*Input data*.
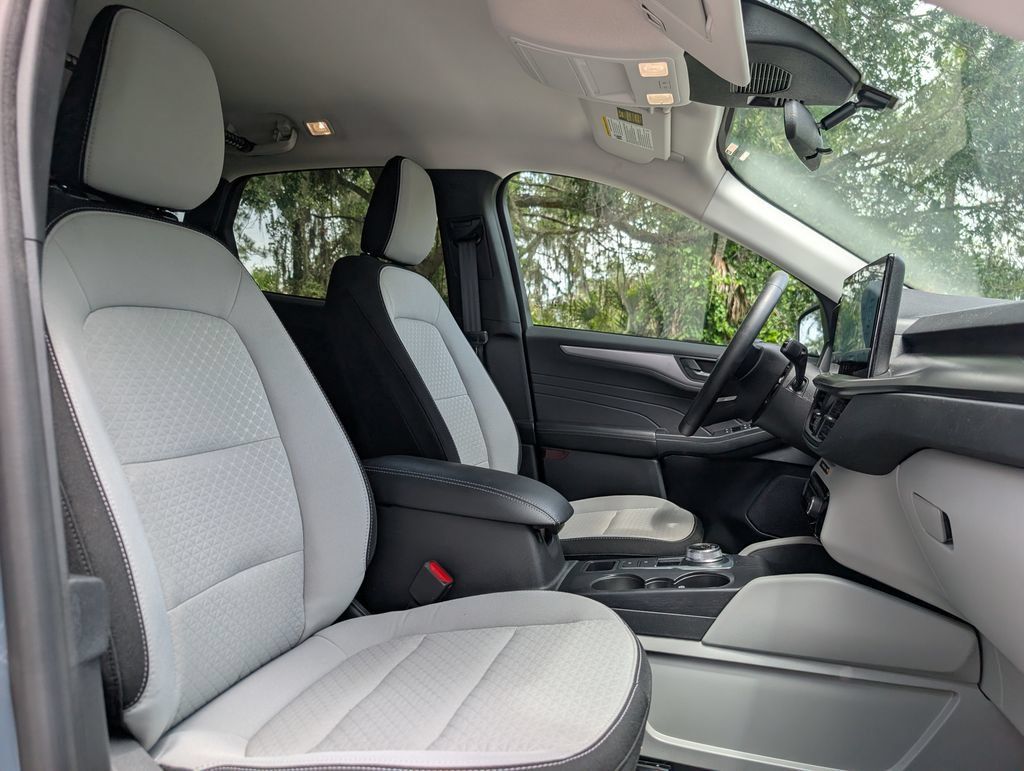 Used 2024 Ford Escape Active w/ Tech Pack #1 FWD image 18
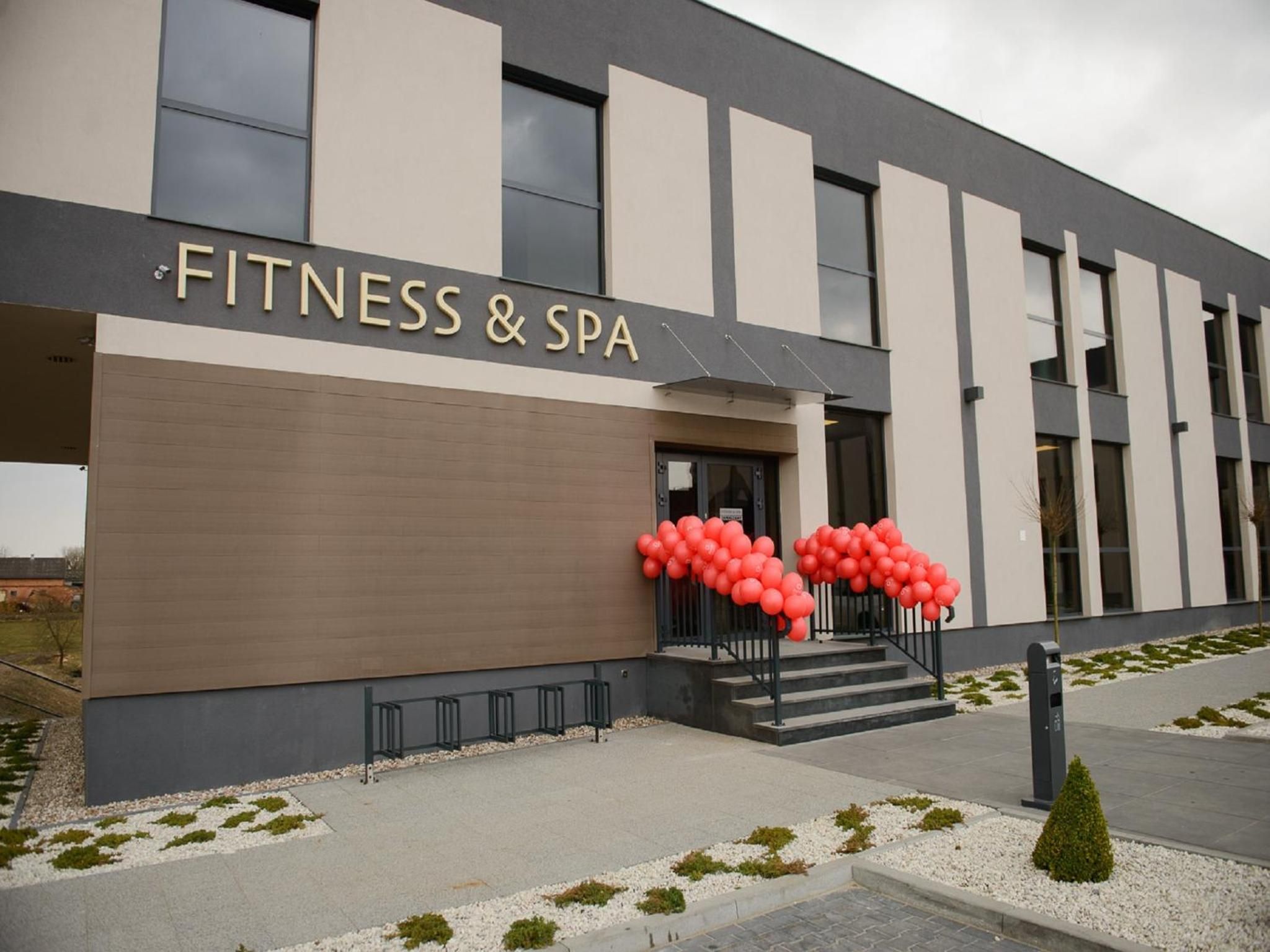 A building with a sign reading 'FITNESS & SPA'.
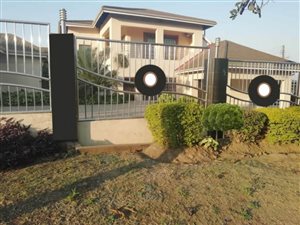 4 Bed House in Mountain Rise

*About this task*. Working from the material above, transcribe it exactly while omitting pictures.

*Written answer*.
 Used 2024 Ford Escape Active w/ Tech Pack #1 FWD image 18
 A building with a sign reading 'FITNESS & SPA'.
 4 Bed House in Mountain Rise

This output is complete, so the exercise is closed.